Life in the middle of Vermont.

Tuesday, October 02, 2007

Savoring Sweet September

A doe in the meadow this misty morning, her twin fawns nudging insistently at her underside to draw milk. Then two more does, and another set of twins.

Already the leaves are thinning in the trees along our eastern windbreak, opening up views of the Green Mountains. Every day though, the mountains are less green, as islands of maples turn to orange amid the stands of pine.

In my ideal Vermont year, the calendar would have two Septembers -- both of them following along in the arc of this dry but grand summer.

I lost track of my mosquito repellent back in June. Now days of hazy heat are followed by fog and a sweet rain that sparkles asters and beet leaves alike. The nights -- ushered in by the clambering of geese and punctuated by baleful coyotes – have the coolness of the coming months.

Two Septembers?

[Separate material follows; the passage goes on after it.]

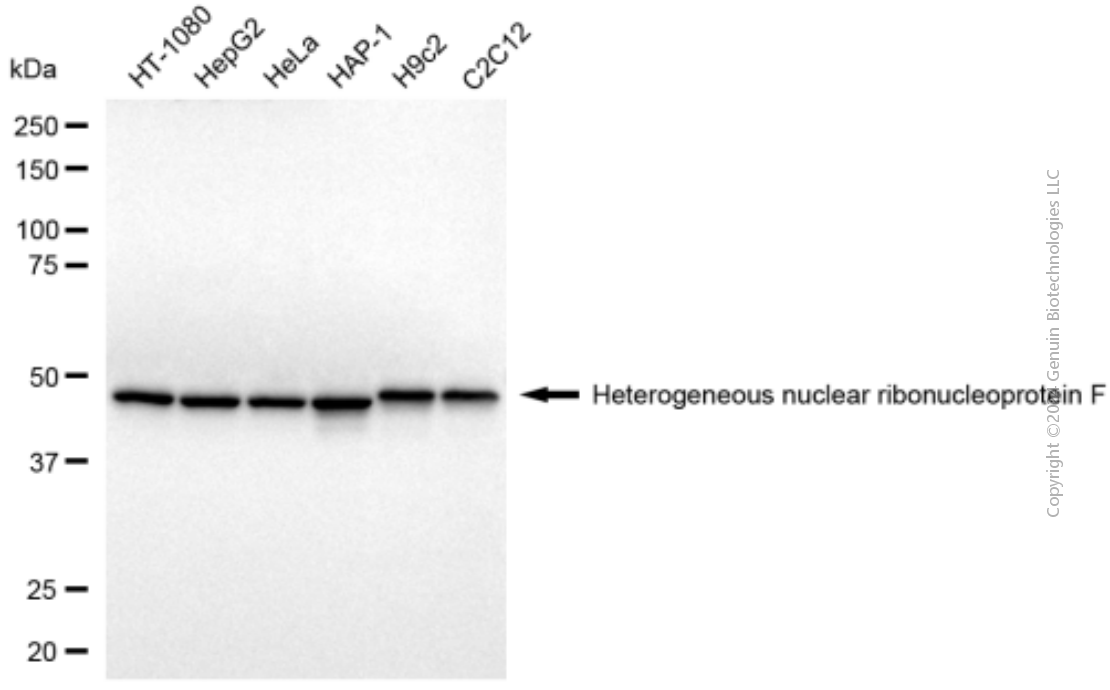 HNRNPF antibody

That's right. And no November at all.

We could shift Thanksgiving forward into October like those sensible Canadians do, and then forgo stick season altogether. From autumn leaves straight to silver bells.

The Red Sox would always be in first place headed for the Series, with the Yankees struggling to break .500. Americans would win tennis's U.S. Open, and all of our street paving would have long ago been completed for the year.

* * *

Last Saturday brought more than enough heat to make a swim essential. My niece Clara and her dad (my brother and only sibling) were visiting from Boston. By early evening of that day, we had experienced a good bit of what a September Saturday can offer.

Swimming holes were at the top of Clara's to-do list, but first spent some time in town. We began with the peace vigil on the Middlebury Green, on a day when the vigil marked TK straight years that people had gathered there on Saturday morning to call for peace after 9-11.

I'm usually in a weekly class at the Otter Creek Yoga studio during the vigil, so I was surprised and heartened by the overwhelmingly positive reception that passersby now give the call for an end to the Iraq War.

From there we cooled ourselves in the nicely renovated Vermont Book Shop, exploring the graphic novels that are among Clara's passions. The marquee event was the Farmers Market, which in this harvest season is an abundance of local meat and produce and smiling faces.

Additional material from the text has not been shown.